Il réagissait ainsi à la publication d'une enquête dans le magazine Protégez-vous, qui révèle ce mois-ci qu'une partie importante des plaintes faites au ministère de la Famille sont encore liées à l'alimentation des enfants en service de garde. Surtout dans les garderies privées.

«Dans les CPE, les parents font partie du conseil d'administration, explique M. Belleau. Ils se croisent le matin en déposant les enfants. Si quelque chose ne va pas dans la cuisine, ils arrangent ça.» Dans les garderies privées, la même situation peut mener à une plainte, plaide-t-il.

Le directeur du regroupement rappelle toutefois que ses membres ont accès à de nombreuses ressources, à des guides pratiques sur la manipulation des aliments et à des recettes. L'idée est d'éviter que, prise au dépourvu, une garderie serve des croquettes de poulet aux enfants plutôt que le chili végétarien inscrit au menu cette journée-là - ce qui arrive parfois.

«Des horreurs, il y en a encore», tranche Christa Japel, professeure au département d'éducation et de formation spécialisée de l'UQAM.

En 2002, une étude réalisée par Mme Japel a conclu que le quart des garderies en milieu familial et des garderies privées du Québec offraient des services carrément inadéquats. Qu'en est-il huit ans plus tard? «C'est triste, mais je ne crois pas que ça se soit amélioré», conclut la chercheuse.

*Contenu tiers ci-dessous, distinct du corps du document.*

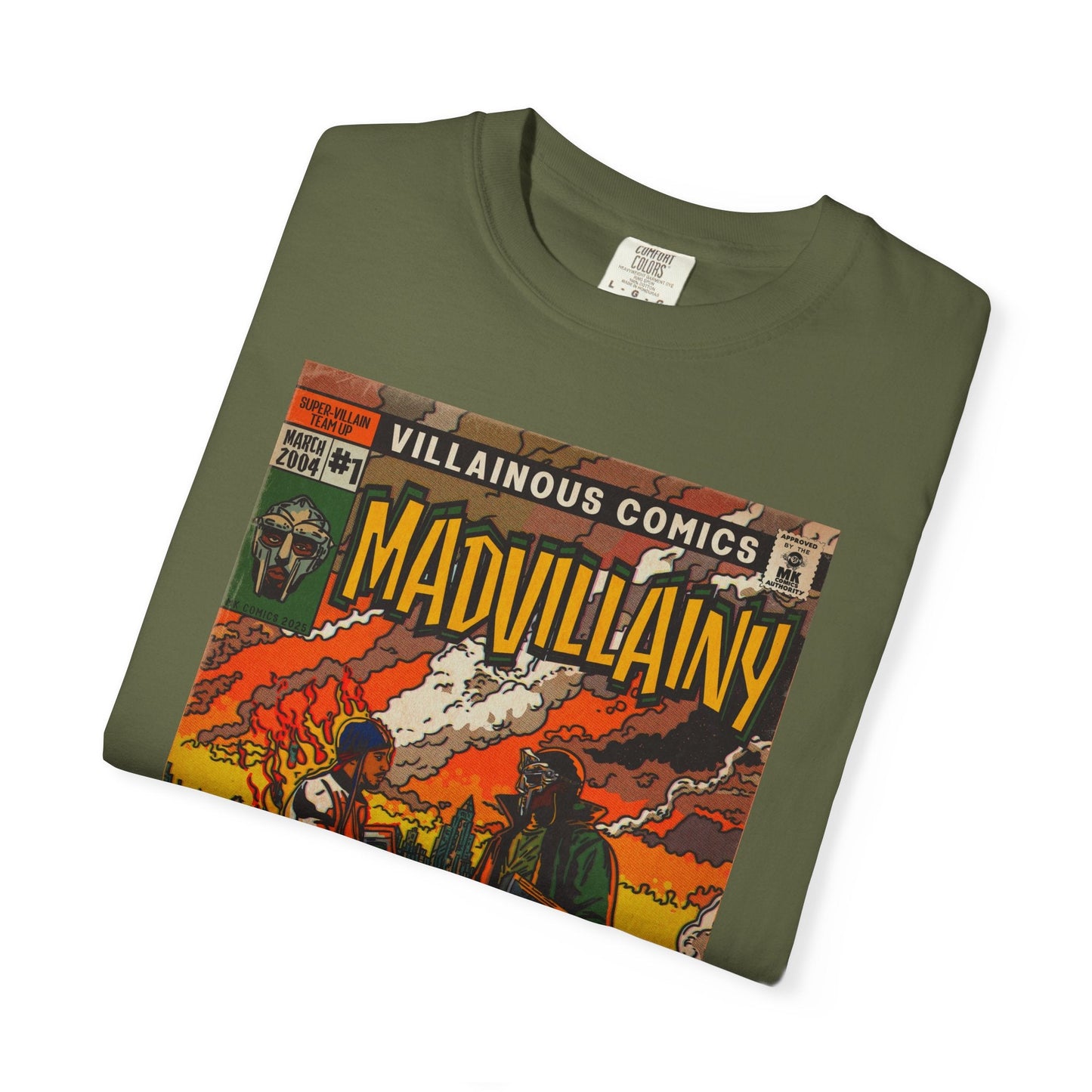 Madvillainy - Unisex Comfort Colors T-shirt
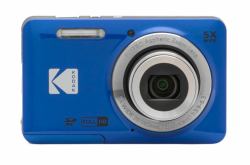 Kodak PIXPRO FZ55 1/2.3" Compact φωτογραφική μηχανή 16 MP CMOS 4608 x 3456 εικονοστοιχεία Μπλε 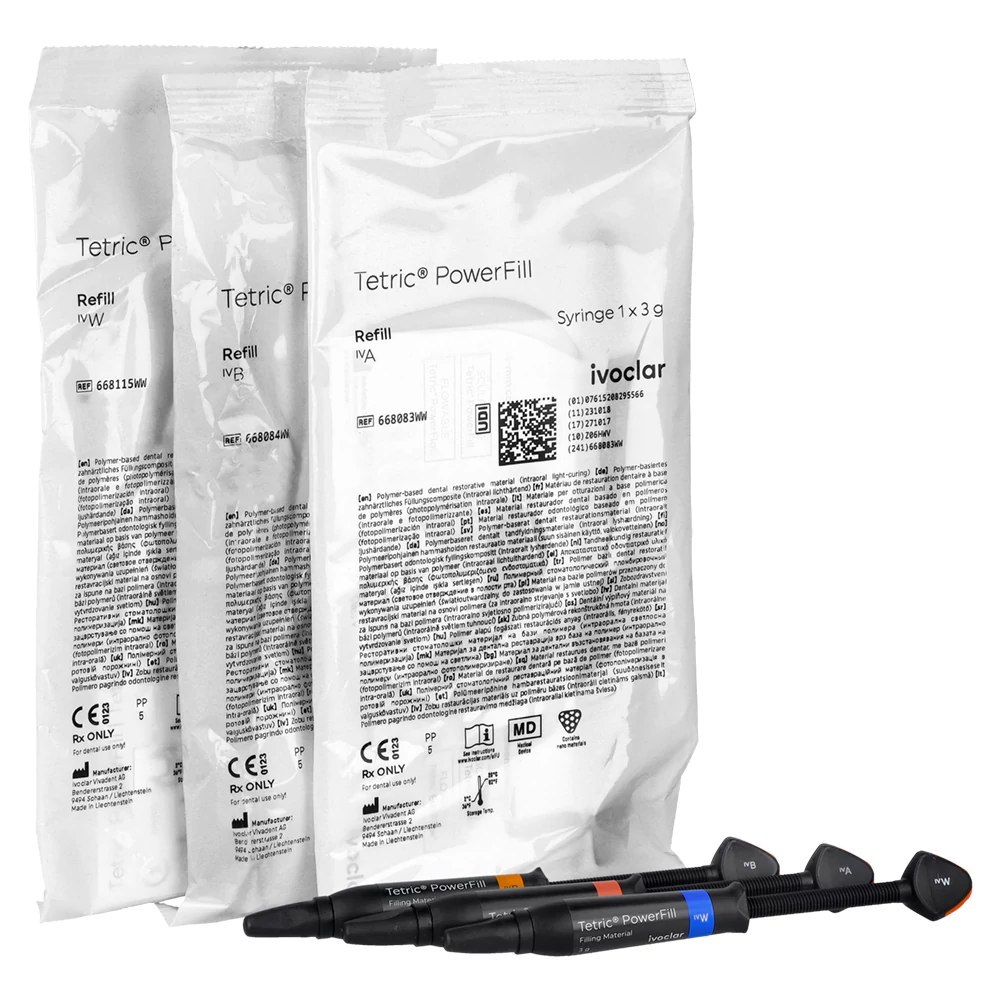 Tetric PowerFill 3 г IvoclarVivadent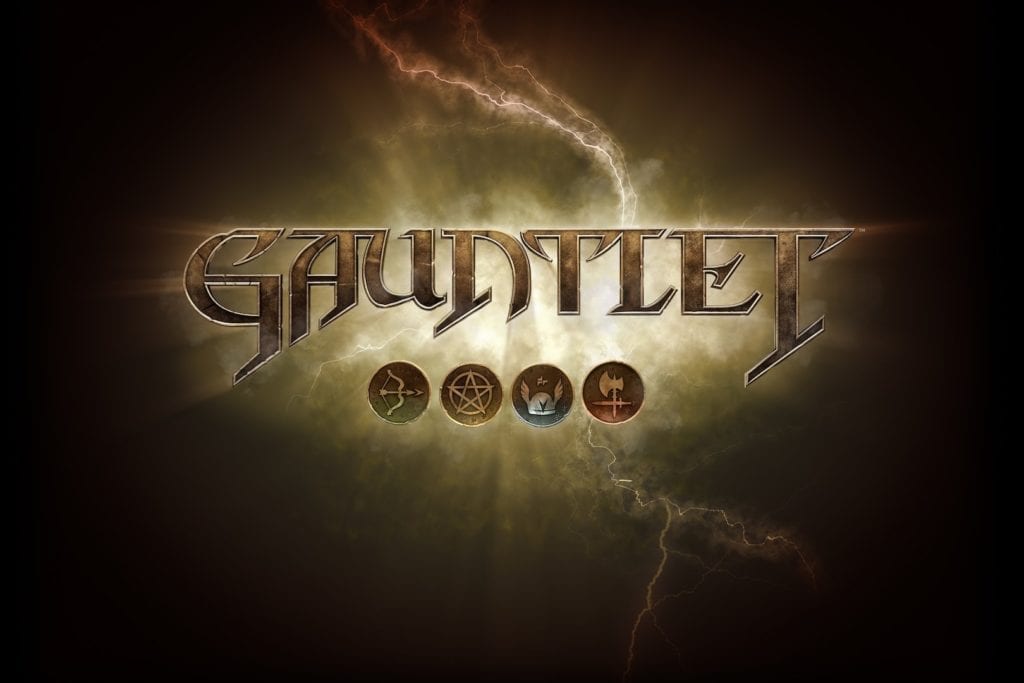 Gauntlet Reboot Announced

Lorsqu'il y a des coupes, c'est bien souvent dans la cuisine qu'on cherche à faire des économies.

Christa Japel note toutefois que les initiatives pour améliorer les services alimentaires en service de garde se multiplient au Québec et que cela devrait inévitablement se traduire par une bonification de l'offre, en général.

Pour une politique alimentaire?

La chercheuse serait très favorable à l'adoption par Québec d'une politique alimentaire dans l'ensemble des services offerts au préscolaire.

Sa collègue Pascale Morin, chercheuse à l'Université de Sherbrooke, est d'accord. «Ce serait une politique, pas une loi, mais au moins, ça devrait aider les services de garde qui en ont besoin à mieux se structurer», dit-elle. «Les habitudes alimentaires s'acquièrent à un tout jeune âge», souligne aussi Mme Morin. D'où l'importance de s'assurer que les petits reçoivent une éducation alimentaire adéquate. Heureusement, ses recherches ont toutefois montré que, aujourd'hui, au Québec, c'est généralement le cas.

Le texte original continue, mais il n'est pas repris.